Wednesday, March 20, 2013
Goodbye, my little Lofa
I had just turned on the barn lights to do morning feedings. It was the first day of spring and the rain had just broken into clouds with sun breaks, the air was warm enough to be coatless.
I turned my head to the right, and there as usual in the first stall, was Stevie, on his crippled knees looking content. Rudy was to his side, looking brightly at me, but down to the left was a little black body, wearing a warming jacket. Without even touching him I knew he was dead. It was Lofa.
That's when I screamed.
I screamed in shock, like a person walking in on an intruder. I cried and wept over that little dead body, I'd really grown fond of him. There had been no warning he was dying, or in danger of going into a bad state. I've worked with enough of these elderly goats - or goats who came from malnourishment or needy situations - to know that they can take a turn for the worse really quickly. But Lofa had been eating well and was active. I always checked his eyes and gums daily when I'd give him his morning hugs, just as a precaution to see if he was getting anemic. The night before he died, I said my usual good nights to him - he just loved to be hugged, and would lean into you and rest his head in your side. It was supposed to rain, so I put his little jacket on him for some extra warmth, even though he showed no signs of shivers.
There was no sign of distress in his body, except for diarrhea. I can only make assumptions and it is always hard to not know exactly what killed an animal in the end. I often said that Lofa was not a very strong goat. We'd had a scare with him not long after he arrived last June, where he was really sick, and the vet concurred it was anemia. I had dealt with this before with Aunt Bea and knew how quickly they can die if they don't get treatment, so I got him rebounded in a few days. He wasn't as old as Bea so that helped. He might have had blockage in an intestine from a thorn, glass or any small object he picked up while eating. This happened to a yearling sheep and the vet did an autopsy where we found the blockage - but we never could determine what caused it. And that sheep became ill two days prior to her death.
It is what it is.
When I got to the barn, the animals were as stoic about another death as I had seen them in the past. They mourn in different ways than we do. They move on much more elegantly too. The rains returned, and I turned a bucket upside down, took a seat near Lofa, and watched the animals eat their hay while chickens scattered in and out of the barn. It never ceases to give me comfort when one of the animals dies - how the barnyard goes on. My good byes to Lofa were weepy, he was such a special little fellow. Lofa was a talker, no matter where he was in the barnyard, if I entered at the gate, I knew exactly where he was because he'd start talking. He was bowlegged like no other and his front teeth always protruded a bit, sort of like he had dentures. He reminded me of a little old man in Florida, walking the beach all bowlegged with skinny legs and mouth slightly ajar.

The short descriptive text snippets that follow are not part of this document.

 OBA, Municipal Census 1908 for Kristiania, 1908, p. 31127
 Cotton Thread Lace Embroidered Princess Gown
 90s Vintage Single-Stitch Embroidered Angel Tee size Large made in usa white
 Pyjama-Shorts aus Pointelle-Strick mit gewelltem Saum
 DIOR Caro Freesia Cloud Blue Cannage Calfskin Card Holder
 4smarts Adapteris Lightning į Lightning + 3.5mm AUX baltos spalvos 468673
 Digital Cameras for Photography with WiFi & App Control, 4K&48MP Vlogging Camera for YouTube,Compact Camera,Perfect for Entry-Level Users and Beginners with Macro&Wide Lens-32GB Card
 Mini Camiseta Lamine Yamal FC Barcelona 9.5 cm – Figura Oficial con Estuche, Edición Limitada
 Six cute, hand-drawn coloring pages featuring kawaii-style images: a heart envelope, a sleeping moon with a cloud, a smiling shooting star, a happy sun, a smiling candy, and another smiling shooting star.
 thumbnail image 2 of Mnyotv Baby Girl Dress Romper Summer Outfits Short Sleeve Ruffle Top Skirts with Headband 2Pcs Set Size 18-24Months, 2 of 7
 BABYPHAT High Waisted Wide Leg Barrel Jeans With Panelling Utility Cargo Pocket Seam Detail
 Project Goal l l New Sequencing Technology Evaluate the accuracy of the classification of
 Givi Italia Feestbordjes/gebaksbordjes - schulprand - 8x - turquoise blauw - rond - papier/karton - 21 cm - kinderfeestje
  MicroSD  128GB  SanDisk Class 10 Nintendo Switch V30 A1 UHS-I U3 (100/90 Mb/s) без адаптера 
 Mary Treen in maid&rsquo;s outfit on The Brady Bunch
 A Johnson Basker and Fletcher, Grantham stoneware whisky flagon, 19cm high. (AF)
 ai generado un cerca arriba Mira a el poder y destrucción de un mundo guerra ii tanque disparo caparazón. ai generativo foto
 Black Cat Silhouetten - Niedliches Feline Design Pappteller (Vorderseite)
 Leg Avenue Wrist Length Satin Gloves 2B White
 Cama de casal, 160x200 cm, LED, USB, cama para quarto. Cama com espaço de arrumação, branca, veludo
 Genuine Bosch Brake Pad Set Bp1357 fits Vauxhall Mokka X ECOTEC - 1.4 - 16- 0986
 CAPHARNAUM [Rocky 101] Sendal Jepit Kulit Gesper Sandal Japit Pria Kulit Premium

When I got to the barn and found him around 8 am, his mouth was still warm. This killed me as it indicated he had died shortly before I got there. My heroics might have only prolonged what nature had in store. His little body did what it could. I buried him with a sprig of daffodil and some pussy willows to celebrate spring with him.
As I walked back to the house, it dawned on me that five years ago on this same day, early in the morning, my father died. He was in home hospice and had told my mother he hoped to live to see Spring. And he did, if only an hour or so of it. Perhaps Lofa was ready long before this too, and knew this first day of spring had significance on many levels for so many.
Little Lofa, you never gave any trouble to anyone and were such a joy to have with us. You gave Rudy comfort too after he lost Teats, and your friend Raggedy was able to gain courage at your side. I will miss you, little man!
It all seemed extra sad and heavy today.
Lofa arrived from a neglect case, along with Raggedy Man, in 2012. He had first been rescued by New Moon Goat Farm Rescue where many of the goat Misfits have come from.